Perhaps you already do some of these things. Perhaps these do not seem like workable suggestions to you. But if not, ask yourself why and own your answers. And feel free to add your own in the comments section.

5 Comments

  1. JudyC said,

    February 24, 2010 @ 2:47 am

    An excellent series of articles. Australia is slightly less interventive but we still have the 30% CS rate. Our system also needs fixing.

  2. Carolyn Hastie said,

    February 24, 2010 @ 3:43 am

    Yes. Agreed. Thanks for your posting, warmly, Carolyn

  3. Catina Adams said,

    February 24, 2010 @ 5:15 pm

    A truly excellent decription of the situation that we also face in Australia. I would also add my suggestion – Act local, Think global. Do not underestimate the impact of caring human contact on an individual basis.
    kind regards, Catina

  4. Katherine said,

    February 25, 2010 @ 2:50 pm

    When you say “Research has shown repeatedly that hospital birth is not as safe as home birth.” – has this research accounted for the possibility that hospital birth appears more dangerous than home birth because high-risk births and (actual) problematic births are highly encouraged to occur at the hospital?

    I totally agree with the rest of your message about how hospital births have more intervention than is necessary, which has real effects on the mothers that have them, and that the lack of consent (screw informed consent, doesn’t even look like they get uninformed consent) is both worrying and wrong.

  5. Kenzie said,

    February 26, 2010 @ 2:08 am

    Hi Katherine,

    The most recent study that I know of can be found here: http://www.cmaj.ca/cgi/content/short/cmaj.081869v1 You can click to get the full text in the top right of the page.

    If you read through it you’ll note that they were careful to match homebirthing women to two other groups, first a matched group who planned hospital births with the same group of midwives and second with a matched group who planned hospital births with a physician/OB. By definition, in order for the women to be “allowed” to plan a homebirth with Registered Midwives in BC they would have had to meet the criteria for “low risk” and therefore the matched groups would have had to also. The groups were matched for age, parity, general income levels, etc. Looking at matched groups in this way would seem to be the only way to actually tease out the risks of both birth places.

    The results of this study were that home birth was safer than hospital birth, although as usual it was reported in the media as “home birth is as safe as hospital birth”. That’s the media for you.
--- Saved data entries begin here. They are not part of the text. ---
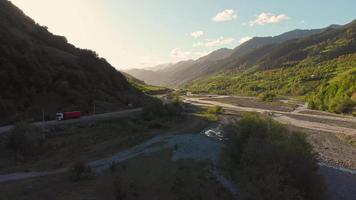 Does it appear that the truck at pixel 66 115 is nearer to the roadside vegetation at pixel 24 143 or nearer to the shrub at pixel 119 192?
the roadside vegetation at pixel 24 143

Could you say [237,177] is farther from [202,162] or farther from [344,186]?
[344,186]

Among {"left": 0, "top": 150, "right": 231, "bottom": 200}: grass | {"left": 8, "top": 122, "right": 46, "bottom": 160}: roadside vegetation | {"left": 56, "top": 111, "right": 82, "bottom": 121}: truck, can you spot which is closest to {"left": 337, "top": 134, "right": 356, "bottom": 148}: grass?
{"left": 0, "top": 150, "right": 231, "bottom": 200}: grass

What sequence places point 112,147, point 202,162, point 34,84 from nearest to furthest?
point 202,162 < point 112,147 < point 34,84

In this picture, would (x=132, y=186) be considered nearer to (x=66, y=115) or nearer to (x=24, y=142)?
(x=24, y=142)

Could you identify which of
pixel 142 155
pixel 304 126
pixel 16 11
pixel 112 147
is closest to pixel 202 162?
pixel 142 155

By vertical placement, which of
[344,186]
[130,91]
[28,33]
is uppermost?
[28,33]

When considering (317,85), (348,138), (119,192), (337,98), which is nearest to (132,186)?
(119,192)

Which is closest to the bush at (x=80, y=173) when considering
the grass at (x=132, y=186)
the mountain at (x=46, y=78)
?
the grass at (x=132, y=186) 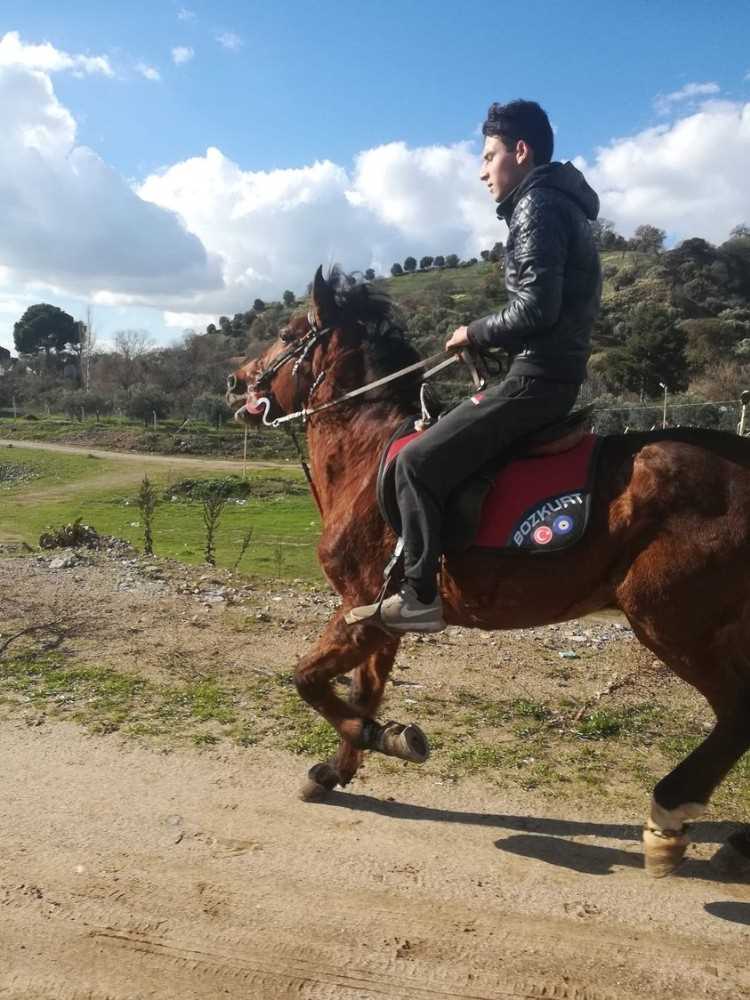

    The rate of neonatal death was .35% in planned homebirths with midwives and .65% in planned hospital births with doctors. This is a difference of three babies per thousand births, and I’m not sure how statistically significant it is. But you can bet yer boots that if the difference had been the exact opposite, with the higher death rate in the homebirth category it would have been reported that giving birth at home would NEARLY DOUBLE the risk of your baby DYING! OMGeleventy!

    The risk of c-section was also significantly higher in the hospital birth group, so comparing two groups where one has a higher rate of major abdominal surgery than the other and declaring that they are both “as safe” is sort of like saying that walking on the sidewalk is as safe as walking on the road, with the hidden bias that getting hit by cars occasionally is no big deal as long as you don’t die.

    Keep in mind that “High Risk” and “Low Risk” are moving targets in the obstetric world, and may not even be meaningful categories.